Child trafficking in Asia

Kinderhandel in Azië Terre des Hommes

All over the world, people move to other countries or regions, in search of a better life. In Asia, 21 per cent of migrants are children and young people. They often face discrimination, abuse, neglect and exploitation, both in transit and at their destination. Also, child migrants risk becoming the victims of human traffickers. Every year, an estimated 1.2 million children become the victims of child trafficking. They end up in prostitution or criminality, or are forced to do dangerous and hard labour.


Countries in Asia still do too little for child migrants. They are looked upon as outsiders who are not allowed to have rights and access to provisions. Fortunately, this way of thinking is slowly changing. Asian countries are increasingly working together to protect child migrants.


We focus on child migrants, including (potential) victims of child trafficking, their families and communities. In this programme we particularly focus on vulnerable children, who are economically, physically or socially disadvantaged, such as children from ethnic minorities. The results of our programme obviously need to be sustainable. This is why we also involve ministries (such as health, education and justice) and international and civil society organisations, the media and companies in our work.


  • 20.000 boys and girls no longer are at risk of becoming the victims of child trafficking and exploitation.
  • 122.000 vulnerable children are aware of the dangers of child trafficking and migration.
  • 18.000 vulnerable children have received education.
  • 13.000 exploited/abused children have received education.
  • 7.000 exploited/abused children have received legal aid.
  • 255.000 members of communities with children prone to exploitation know the risks of child trafficking and migration.
  • 17.500 government staff, including police and justice staff, have followed a training in protecting children, childrights and child-friendly questioning techniques.

What we do

Together with our local partners we want to make sure India, NepalBangladesh, Myanmar, Thailand, Laos, Cambodia, Malaysia, Indonesia and the Philippines protect the rights of child migrants (including victims of child trafficking). Governments must better apply existing laws or improve the legislation on this subject. For example, this also goes for the procedures and services they use in the process. In any case, they are no longer allowed to discriminate between nationality, background and immigration status of child migrants and local children.

Countries must do the following for child migrants:

  • Developing and implementing protecting measures (along migrations routes, among other things). They need to screen child migrants the right way (identifying vulnerable children or victims of exploitation/trafficking)

  • Make sure government agreements for the protection of child migrants (including victims of child trafficking) are implemented.

  • Developing a national database.

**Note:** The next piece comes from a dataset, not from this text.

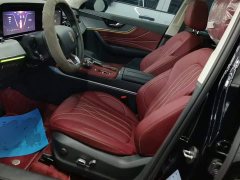 FAW Red Flag HS5 2.0T Two-Wheel Drive Flagship Enjoy Pro - photo 9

The collected data enables countries to better map child trafficking and determine its scope.

  • Make sure child migrants have a say in the measures that are taken for their protection.

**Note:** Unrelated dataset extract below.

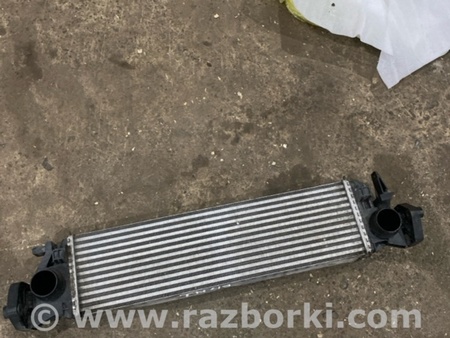 ФОТО Интеркулер для Volvo XC90 II SPA (2015-) Київ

  • Adopting concrete plans of action for combating child trafficking in national development plans.

  • Involve civil society in agreements for the protection of child migrants.

  • The families of children saved from child trafficking should be offered the chance to improve their living conditions, so they do not need to find their happiness elsewhere.

  • Implementing child-friendly procedures and other reforms of the legal systems that victims saved from child trafficking and other child migrants are faced with.

We help countries doing this with the following strategies:


We want to prevent unsafe migration and child trafficking by telling children and their families about the dangers. By giving families the possibility to build a better future in their home country, the chances of them migrating also become smaller. And if they decide to go, they (and their children) must know which routes pose the fewest risks. This is why we have, among other things, information meetings, create hotlines for child migrants, make sure they and their families can attend training courses and we develop interactive websites and apps, enabling them to communicate with each other and with aid workers through these.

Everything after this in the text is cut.